# `pyensmallen` for Maximum Likelihood

LBFGS works well for most smooth convex functions, notably a convex loss such as a likelihood. I generally find that optimization convergence is so fast that bootstrapping the entire procedure may be feasible.

Benchmarks against scipy, cvxpy (hand-rolled), and statsmodels are provided.

In [1]:
import numpy as np
import pyensmallen
import scipy.optimize
import cvxpy as cp
from scipy.special import expit
import time

import statsmodels.api as sm
import nlopt

## Data Generation

In [2]:
np.random.seed(42)
n, k = 1_000_000, 20

# Linear Regression Data
X_linear = np.random.randn(n, k)
print(true_params_linear := np.random.rand(k))
y_linear = X_linear @ true_params_linear + np.random.randn(n)

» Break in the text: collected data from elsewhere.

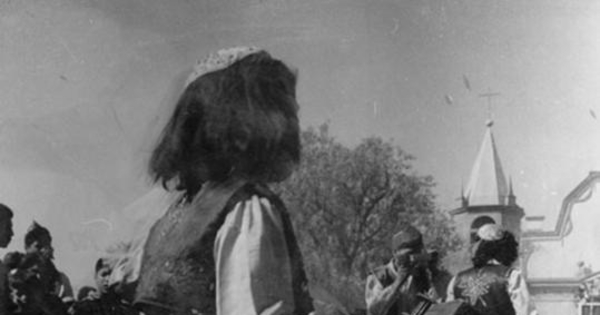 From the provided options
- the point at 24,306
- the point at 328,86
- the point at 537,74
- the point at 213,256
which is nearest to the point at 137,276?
the point at 213,256

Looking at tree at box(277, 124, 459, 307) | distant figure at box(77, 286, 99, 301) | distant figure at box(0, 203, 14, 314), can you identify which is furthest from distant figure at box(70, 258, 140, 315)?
tree at box(277, 124, 459, 307)

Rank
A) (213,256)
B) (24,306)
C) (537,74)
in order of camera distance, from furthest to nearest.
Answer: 1. (537,74)
2. (24,306)
3. (213,256)

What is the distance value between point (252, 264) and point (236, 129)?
490 mm

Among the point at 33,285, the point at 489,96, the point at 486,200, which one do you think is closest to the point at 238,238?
the point at 486,200

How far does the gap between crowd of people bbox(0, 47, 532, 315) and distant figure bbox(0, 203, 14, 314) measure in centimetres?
11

[0.51639859 0.94598022 0.23380001 0.55162275 0.97811966 0.24254699
 0.64702478 0.70271041 0.26476461 0.77362184 0.7817448  0.36874977
 0.72697004 0.06518613 0.72705723 0.38967364 0.03826155 0.39386005
 0.0438693  0.72142769]


## Linear Regression

### pyensmallen

In [3]:
def linear_objective(params, gradient, X, y):
    params = params.reshape(-1, 1)
    residuals = X @ params - y.reshape(-1, 1)
    objective = np.sum(residuals**2)
    grad = 2 * X.T @ residuals
    gradient[:] = grad.flatten()
    return objective

linear_start = np.random.rand(k)

In [4]:
%%time
optimizer = pyensmallen.L_BFGS()
result_linear_ens = optimizer.optimize(
    lambda params, gradient: linear_objective(params, gradient, X_linear, y_linear),
    linear_start,
)
print(result_linear_ens)

[0.51556024 0.94691468 0.23404849 0.55121759 0.97818756 0.24338623
 0.64700696 0.70195589 0.26487498 0.77280983 0.78267599 0.36787315
 0.72791074 0.06571446 0.72615144 0.38766298 0.03820425 0.39468909
 0.04304362 0.72195013]
CPU times: user 5.61 s, sys: 192 ms, total: 5.8 s
Wall time: 385 ms


### nlopt

In [5]:
%%time
opt = nlopt.opt(nlopt.LD_LBFGS, k)
opt.set_min_objective(lambda params, gradient: linear_objective(params, gradient, X_linear, y_linear))
result_linear_nlopt = opt.optimize(linear_start)
print(result_linear_nlopt)

[0.51556024 0.94691468 0.23404849 0.55121759 0.97818756 0.24338623
 0.64700696 0.70195589 0.26487498 0.77280983 0.78267599 0.36787315
 0.72791074 0.06571446 0.72615144 0.38766298 0.03820425 0.39468909
 0.04304362 0.72195013]
CPU times: user 9.12 s, sys: 282 ms, total: 9.4 s
Wall time: 614 ms


### scipy

In [6]:
%%time
result_linear_scipy = scipy.optimize.minimize(
    fun=lambda b: np.sum((X_linear @ b - y_linear) ** 2),
    x0=linear_start,
    jac=lambda b: 2 * X_linear.T @ (X_linear @ b - y_linear),
).x
print(result_linear_scipy)

[0.51556024 0.94691468 0.23404849 0.55121759 0.97818756 0.24338623
 0.64700696 0.70195589 0.26487498 0.77280983 0.78267599 0.36787315
 0.72791074 0.06571446 0.72615144 0.38766298 0.03820425 0.39468909
 0.04304362 0.72195013]
CPU times: user 1min 34s, sys: 2.21 s, total: 1min 36s
Wall time: 6.31 s


### cvxpy

In [7]:
%%time
b_linear = cp.Variable(k)
cost_linear = cp.norm(X_linear @ b_linear - y_linear, p=2) ** 2 / n
prob_linear = cp.Problem(cp.Minimize(cost_linear))
prob_linear.solve(solver=cp.SCS)
print(b_linear.value)

[0.51556024 0.94691468 0.23404849 0.55121759 0.97818756 0.24338623
 0.64700696 0.70195589 0.26487498 0.77280983 0.78267599 0.36787315
 0.72791074 0.06571446 0.72615144 0.38766298 0.03820425 0.39468909
 0.04304362 0.72195013]
CPU times: user 21.5 s, sys: 3.59 s, total: 25.1 s
Wall time: 25 s


### closed form

In [8]:
%%time
np.linalg.lstsq(X_linear, y_linear, rcond=None)[0]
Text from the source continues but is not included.